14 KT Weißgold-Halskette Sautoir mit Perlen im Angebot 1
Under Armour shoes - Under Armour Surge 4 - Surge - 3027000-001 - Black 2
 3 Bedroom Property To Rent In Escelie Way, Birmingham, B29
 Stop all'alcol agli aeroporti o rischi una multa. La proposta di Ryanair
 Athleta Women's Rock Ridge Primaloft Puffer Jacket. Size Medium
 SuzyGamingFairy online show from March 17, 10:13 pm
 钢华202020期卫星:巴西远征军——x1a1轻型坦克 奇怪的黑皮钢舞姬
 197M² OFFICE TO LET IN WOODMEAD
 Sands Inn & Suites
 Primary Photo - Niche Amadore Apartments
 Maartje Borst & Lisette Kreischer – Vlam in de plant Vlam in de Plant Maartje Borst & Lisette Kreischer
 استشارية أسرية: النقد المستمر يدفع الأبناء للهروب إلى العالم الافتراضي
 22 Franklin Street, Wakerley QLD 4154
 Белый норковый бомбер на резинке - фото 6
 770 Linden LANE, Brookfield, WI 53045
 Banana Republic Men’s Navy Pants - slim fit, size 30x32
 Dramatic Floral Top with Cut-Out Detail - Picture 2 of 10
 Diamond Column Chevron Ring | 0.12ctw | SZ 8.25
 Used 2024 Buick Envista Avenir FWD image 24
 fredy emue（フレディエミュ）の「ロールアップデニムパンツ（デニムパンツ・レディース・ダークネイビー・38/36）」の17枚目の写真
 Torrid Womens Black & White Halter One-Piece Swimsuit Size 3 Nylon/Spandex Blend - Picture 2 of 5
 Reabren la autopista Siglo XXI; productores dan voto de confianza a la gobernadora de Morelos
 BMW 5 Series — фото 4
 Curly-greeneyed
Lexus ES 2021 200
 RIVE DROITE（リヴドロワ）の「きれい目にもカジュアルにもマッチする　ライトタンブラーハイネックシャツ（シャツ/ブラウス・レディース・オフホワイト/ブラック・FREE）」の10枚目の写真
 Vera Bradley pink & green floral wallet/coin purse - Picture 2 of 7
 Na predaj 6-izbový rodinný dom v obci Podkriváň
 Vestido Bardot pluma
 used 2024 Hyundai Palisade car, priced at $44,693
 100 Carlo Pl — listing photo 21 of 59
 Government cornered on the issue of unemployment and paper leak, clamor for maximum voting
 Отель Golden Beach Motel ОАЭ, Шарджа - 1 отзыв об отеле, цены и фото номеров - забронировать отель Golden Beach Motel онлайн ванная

....................

YOUR TASK:
Exactly as written, transcribe each line of the data.

RESPONSE:
14 KT Weißgold-Halskette Sautoir mit Perlen im Angebot 1
Under Armour shoes - Under Armour Surge 4 - Surge - 3027000-001 - Black 2
 3 Bedroom Property To Rent In Escelie Way, Birmingham, B29
 Stop all'alcol agli aeroporti o rischi una multa. La proposta di Ryanair
 Athleta Women's Rock Ridge Primaloft Puffer Jacket. Size Medium
 SuzyGamingFairy online show from March 17, 10:13 pm
 钢华202020期卫星:巴西远征军——x1a1轻型坦克 奇怪的黑皮钢舞姬
 197M² OFFICE TO LET IN WOODMEAD
 Sands Inn & Suites
 Primary Photo - Niche Amadore Apartments
 Maartje Borst & Lisette Kreischer – Vlam in de plant Vlam in de Plant Maartje Borst & Lisette Kreischer
 استشارية أسرية: النقد المستمر يدفع الأبناء للهروب إلى العالم الافتراضي
 22 Franklin Street, Wakerley QLD 4154
 Белый норковый бомбер на резинке - фото 6
 770 Linden LANE, Brookfield, WI 53045
 Banana Republic Men’s Navy Pants - slim fit, size 30x32
 Dramatic Floral Top with Cut-Out Detail - Picture 2 of 10
 Diamond Column Chevron Ring | 0.12ctw | SZ 8.25
 Used 2024 Buick Envista Avenir FWD image 24
 fredy emue（フレディエミュ）の「ロールアップデニムパンツ（デニムパンツ・レディース・ダークネイビー・38/36）」の17枚目の写真
 Torrid Womens Black & White Halter One-Piece Swimsuit Size 3 Nylon/Spandex Blend - Picture 2 of 5
 Reabren la autopista Siglo XXI; productores dan voto de confianza a la gobernadora de Morelos
 BMW 5 Series — фото 4
 Curly-greeneyed
Lexus ES 2021 200
 RIVE DROITE（リヴドロワ）の「きれい目にもカジュアルにもマッチする　ライトタンブラーハイネックシャツ（シャツ/ブラウス・レディース・オフホワイト/ブラック・FREE）」の10枚目の写真
 Vera Bradley pink & green floral wallet/coin purse - Picture 2 of 7
 Na predaj 6-izbový rodinný dom v obci Podkriváň
 Vestido Bardot pluma
 used 2024 Hyundai Palisade car, priced at $44,693
 100 Carlo Pl — listing photo 21 of 59
 Government cornered on the issue of unemployment and paper leak, clamor for maximum voting
 Отель Golden Beach Motel ОАЭ, Шарджа - 1 отзыв об отеле, цены и фото номеров - забронировать отель Golden Beach Motel онлайн ванная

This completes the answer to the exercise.